If you can't begin to imagine that an actual TM could contain a UTM you
must be pretty dumb.

Ḧ copies its input ⟨Ḧ⟩ to ⟨Ḧ⟩ then transitions to an internal UTM that
simulates ⟨Ḧ⟩ ⟨Ḧ⟩...

>
> You are talking nonsense again.
>
> Note, if H/H^ goes to the state qn, then H^ halts, and so does
> UTM(<H^>,<H^>), so that arm is incorrect too.
>
> FAIL.
>
> H can't change in the middle of an analysis.
>
> WHY did UTM(<H^>,<H^>) never halt?, it either needed to be BECAUSE H
> went (incorrectly) to H.qy, and then H^ went into its loop, and thus it
> CAN'T also go to H.qn and thus H^ can't go to H^.qn, or UTM(<H^>,<H^>)
> is non-halting because H(<H^>,<H^>) never returned an answer and got
> stuck in the recursive loop, so it can't also go to H.qn.
>
> In either case, H failed to be the needed decider.
>
> You keep talking about IMPOSSIBLE behaviors, which just can not exist.

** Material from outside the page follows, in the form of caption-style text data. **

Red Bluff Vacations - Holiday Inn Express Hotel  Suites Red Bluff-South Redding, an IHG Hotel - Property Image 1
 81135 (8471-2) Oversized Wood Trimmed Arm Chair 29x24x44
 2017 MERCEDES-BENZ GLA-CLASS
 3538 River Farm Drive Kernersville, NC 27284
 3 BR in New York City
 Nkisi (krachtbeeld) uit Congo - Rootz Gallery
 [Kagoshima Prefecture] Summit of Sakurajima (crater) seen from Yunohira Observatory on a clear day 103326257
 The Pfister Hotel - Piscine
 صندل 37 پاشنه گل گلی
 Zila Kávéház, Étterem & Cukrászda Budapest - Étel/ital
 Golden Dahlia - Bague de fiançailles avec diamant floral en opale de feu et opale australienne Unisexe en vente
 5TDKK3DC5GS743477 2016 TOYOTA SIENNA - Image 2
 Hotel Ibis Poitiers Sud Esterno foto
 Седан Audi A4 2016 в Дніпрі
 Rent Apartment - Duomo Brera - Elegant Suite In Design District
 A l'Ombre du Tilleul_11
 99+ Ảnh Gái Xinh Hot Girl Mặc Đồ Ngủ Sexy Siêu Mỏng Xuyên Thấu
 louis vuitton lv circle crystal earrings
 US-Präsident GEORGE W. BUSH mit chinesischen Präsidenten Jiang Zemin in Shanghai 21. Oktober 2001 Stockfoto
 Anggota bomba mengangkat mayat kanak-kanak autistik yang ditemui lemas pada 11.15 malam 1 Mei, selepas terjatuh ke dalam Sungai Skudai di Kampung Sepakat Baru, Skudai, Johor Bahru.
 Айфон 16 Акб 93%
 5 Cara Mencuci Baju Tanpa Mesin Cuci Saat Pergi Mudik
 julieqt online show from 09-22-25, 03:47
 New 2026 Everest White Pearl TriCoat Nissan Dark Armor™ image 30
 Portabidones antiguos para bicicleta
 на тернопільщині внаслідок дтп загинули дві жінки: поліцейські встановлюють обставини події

> You need to show HOW these impossible things acutally occur, but you
> can't. Assuming the impossible is possible is a good way to get
> inconsistent systems and incorrect results.
>
> FAIL.
>
>>
>>> So if H(<H^>,<H^>) goes to H.qn, that means that UTM(<H^>,<H^>) must
>>> never halt, but we know from the construction of H^, that if
>>> H(<H^>,<H^>) goes to H.qn then the middle state H^.qx <H^> <H^> will
>>> also go to H^.qn and then H^ will Halt, and UTM(<H^>.<H^>) will also
>>> show exactly that behavior too (remember the definition of a UTM), so
>>> this branch is not possible.
>>>
>>> Similarly, if H(<H^>.<H^>) goes to H.qy, that means that
>>> UTM(<H^>,<H^>) must halt, but we know from the construction of H^,
>>> that if H(<H^>,<H^>) goes to H.qy then that same middle state of
>>> H^.qx <H^> <H^> will also go to H^.qy and then H^ will enter an
>>> infinite loop, and never halt, and that UTM(<H^>.<H^>) will show
>>> exactly that same behavior too, so this branch is also not possible.
>>>
>>> Thus we have that H.q0 <H^> <H^> can't go to EITHER H.qy or H.qn and
>>> meet its requirement, so either H runs forever or halts in some other
>>> state, either of which makes it NOT a valid decider.
>>>
>>> PERIOD.
>>>
>>>
>>>>
>>>> The teacher tests the student without interference by the teacher.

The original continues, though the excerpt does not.